Indulge in the delightful fusion of classic shortbread and the rich flavors of creme brûlée with these exquisite cookies. Perfect for sharing or enjoying as a special treat, they offer a buttery texture and a crisp caramelized topping that will impress everyone.


Ingredients

Scale
  • 1 cup Unsalted Butter, softened
  • 3/4 cup Granulated Sugar
  • 1 1/2 cups All-Purpose Flour
  • 1 teaspoon Vanilla Extract
  • 2 tablespoons Heavy Cream
  • 1 Egg Yolk
  • Pinch of Salt
  • Extra Granulated Sugar for Brûlée Topping (about 1 teaspoon per cookie)

Instructions

  1. Line a baking sheet with parchment paper or a silicone baking mat.
  2. In a large bowl, using an electric mixer, cream the softened unsalted butter and ¾ cup granulated sugar until light and fluffy, about 2-3 minutes. Scrape down the sides of the bowl.
  3. Beat in the egg yolk, heavy cream, and vanilla extract until the mixture is well combined and smooth.
  4. In a separate medium bowl, whisk together the all-purpose flour and salt.
  5. Gradually add the flour mixture to the wet ingredients, mixing on low speed until just combined. Be careful not to overmix; stop as soon as no dry streaks of flour remain. The dough will be thick.
  6. Gently gather the dough into a ball. You can either roll it out to ¼-inch thickness between two sheets of parchment paper and cut out shapes (round or square work well), or press the dough evenly into an 8×8 or 9×9 inch square pan and score it into squares/rectangles. Transfer cutouts to your prepared baking sheet.
  7. Refrigerate the baking sheet with your shaped cookies (or the pan with the pressed dough) for at least 30 minutes, or up to 1 hour.
  8. Preheat your oven to 325°F (160°C). Bake the chilled cookies for 15-20 minutes, or until the edges are just lightly golden and the centers still look pale.
  9. Remove the cookies from the oven and let them cool on the baking sheet for about 5 minutes before transferring them to a wire rack to cool completely.
  10. Once the cookies are fully cool, sprinkle about 1 teaspoon of granulated sugar evenly over the top of each cookie.
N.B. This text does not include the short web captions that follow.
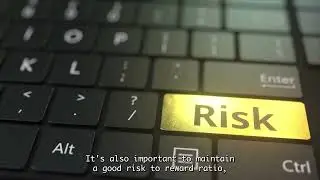 How to Set Stop-Loss & Take-Profit Like a Pro
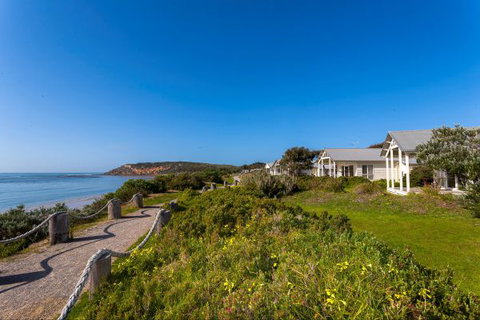 Barwon Heads Caravan Park - Accommodation Bookings 1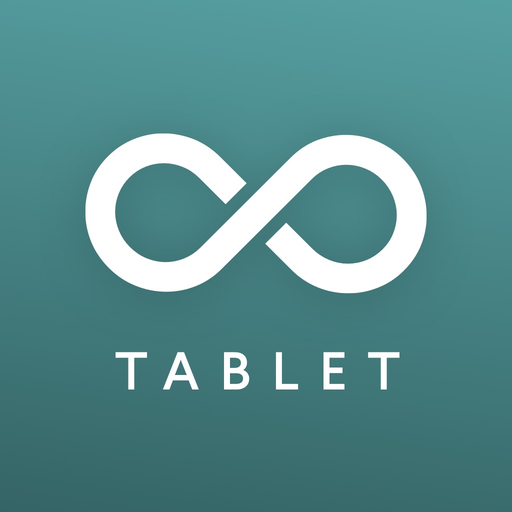 Loopeli for tablets app icon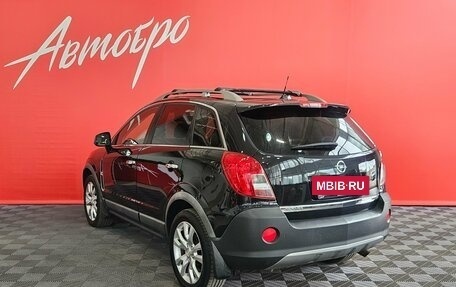 Opel Antara I, 2012 год, 1 200 000 рублей, 3 фотография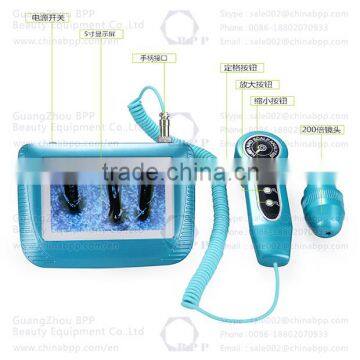 3D-Negative Capture Mode Hair and Scalp Analysis System Machine for Sale photo-2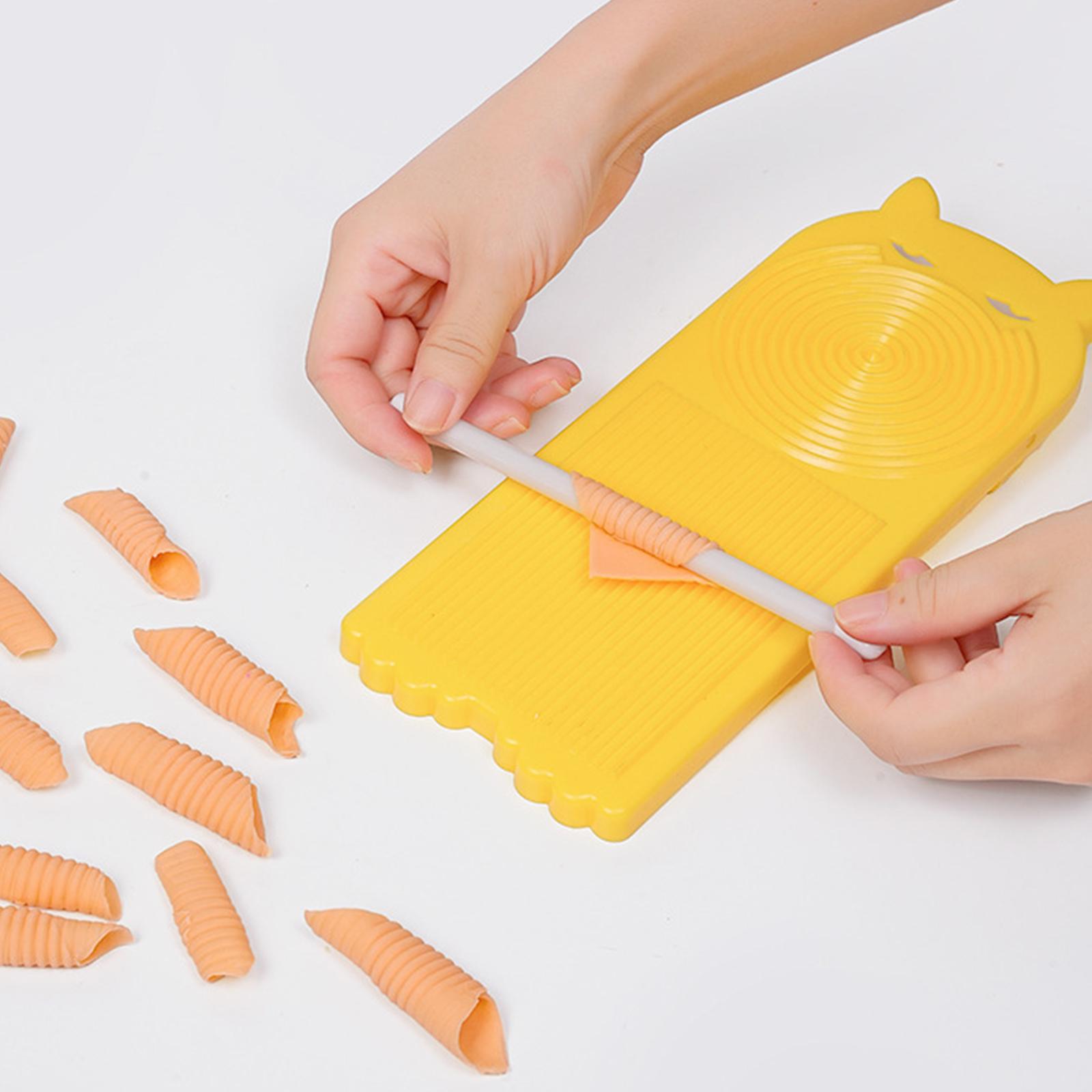Tagliere per Gnocchi Facile da - Pasta Measuring Tool recensione e prezzo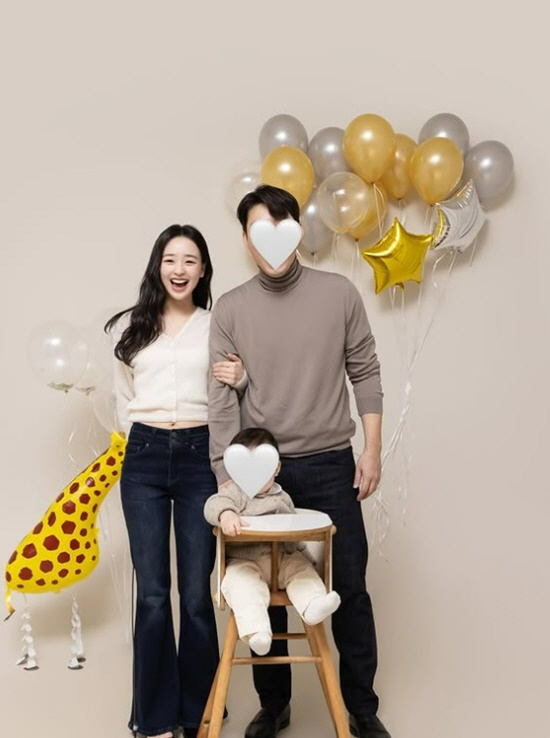 [SCin스타] 손연재, '♥9살 연상 금융맨' 팔짱 낀 채 환한 미소 …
Using a kitchen torch, carefully caramelize the sugar until it turns a deep amber color and forms a crisp, glassy crust.
  11. For the best experience, serve these cookies shortly after caramelizing the sugar, while the brûlée topping is still crisp.
  • Prep Time: 30 mins
  • Cook Time: 20 mins
  • Category: Dessert
  • Method: Baking
  • Cuisine: French

Nutrition

  • Serving Size: 1 cookie
  • Calories: 120
  • Sugar: 8 g
  • Sodium: 50 mg
  • Fat: 7 g
  • Saturated Fat: 4 g
  • Unsaturated Fat: 2 g
  • Trans Fat: 0 g
  • Carbohydrates: 12 g
  • Fiber: 0 g
  • Protein: 1 g
  • Cholesterol: 30 mg

Keywords: Do not overmix the dough to maintain the tender, crumbly texture. Chilling the dough is crucial for preventing spreading during baking. A kitchen torch is recommended for caramelizing the sugar for the best results.